Is it the same on both sides or is the other side the opposite (fat middle, thin toe and heel bevels). If the latter, then Doc is right and the blade is warped. Doesn't look severe enough to cause any problems other than aesthetics, if that's the case and you just need to hone it.

If not, then you need to rebevel it blade, as Gamma observed, there appears to be a difference in the reflectivity of the bevel, which at that magnification indicates a significant difference in how refined the points of the edge are... so at some point, you are failing to do enough work to the middle section of the blade, regardless of the bevel being uneven... but the bevel being uneven could be the cause of it. Yes, if you hold the hone at the toe and heel of the spine, this can happen depending on your technique, hones, pressure and the razor. I find the alternative is worse and more likely to happen though (holding at center spine and wearing a frown into the blade). What I find more likely to be the case is what Kent suggests, the blade just isn't perfectly symmetrical. This may have contributed to a failed beveling if the honer was not experienced, which cascaded through the series of hones resulting in a blade that is dull at the center while being sharp at the heel and toe.
 
Mostly, what they said.

First of all lap your stones. Lightly glue a whole sheet of sandpaper to a true flat surface, such as a polished marble floor tile or a glass table top or a polished granite sink cutout. Not an ordinary tabletop or countertop or ceramic tile. Those are not flat enough for our purposes. Draw a grid on your stone with pencil. Lay the stone down on the sandpaoer and, work it corner to corner. Try to keep it on the paper for best results. 320 grit will work. Progress up to 600 or 1k for a finer or harder stone.

Dont use two hands on the razor! Dont lay the rock on a fixed surface, either. Hold the stone loosely in your off hand so it floats in space. Let the stone and razor find their own alignment.

Dont use crox on leather, especially on narrow strops. Lap a 3x12 piece of balsa and LIGHTLY apply your abrasive to that. It should seem like you dont even have half enough. Rub it in good. And consider upgrading to diamond paste. A progression of 1u, .5u, .25u, and .1u is absolutely magic. .1u cuts slowly and finely so it is great for stropping after each shave to maintain your edge. I go 50 or 60 laps. If it seems to be getting dull after a few months and you know your stropping technique is good, then hit the .5u side for a touchup and then the .1u side as usual.

It sounds like you have developed a very slight frown, or are starting to, anyway. I would counsel against a narrow hone.

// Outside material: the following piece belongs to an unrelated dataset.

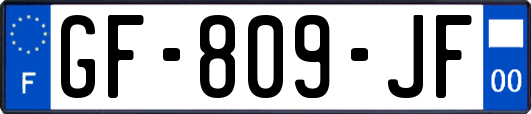 GF-809-JF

Just HONE that guy on a well lapped bevel sett rer and whatever you do, dont rest your index finger in the middle of the blade. If you are honing a frown into the blade, this is one possible cause.

I would be surprised if your Aust has a,significant warp in it, but anything is possible. A small warp can be honed out, in time, if you hone true and dont cater to the warp. Dont try to live with it... beat it into submissikn. Make it go away. Hone flat on a flat stone. Dont worry about the width of the bevel strip, though, as long as you got some along the entire edge. Do not attempt to keep the width of the bevel consistent. That is catering to the irregularities of the vlade. Again, just hone it, and know that you have a good bevel before your progression. If it is a smiling blade, of course you will need to rock up on the heel and toe a little (most guys rock it too much and thereby increase the smile so try to go just enough) so that those parts get sharp, but a straight edge should be kept straight by honing flat on a properly lapped stone. Or better yet, lapping film on a true flat surface.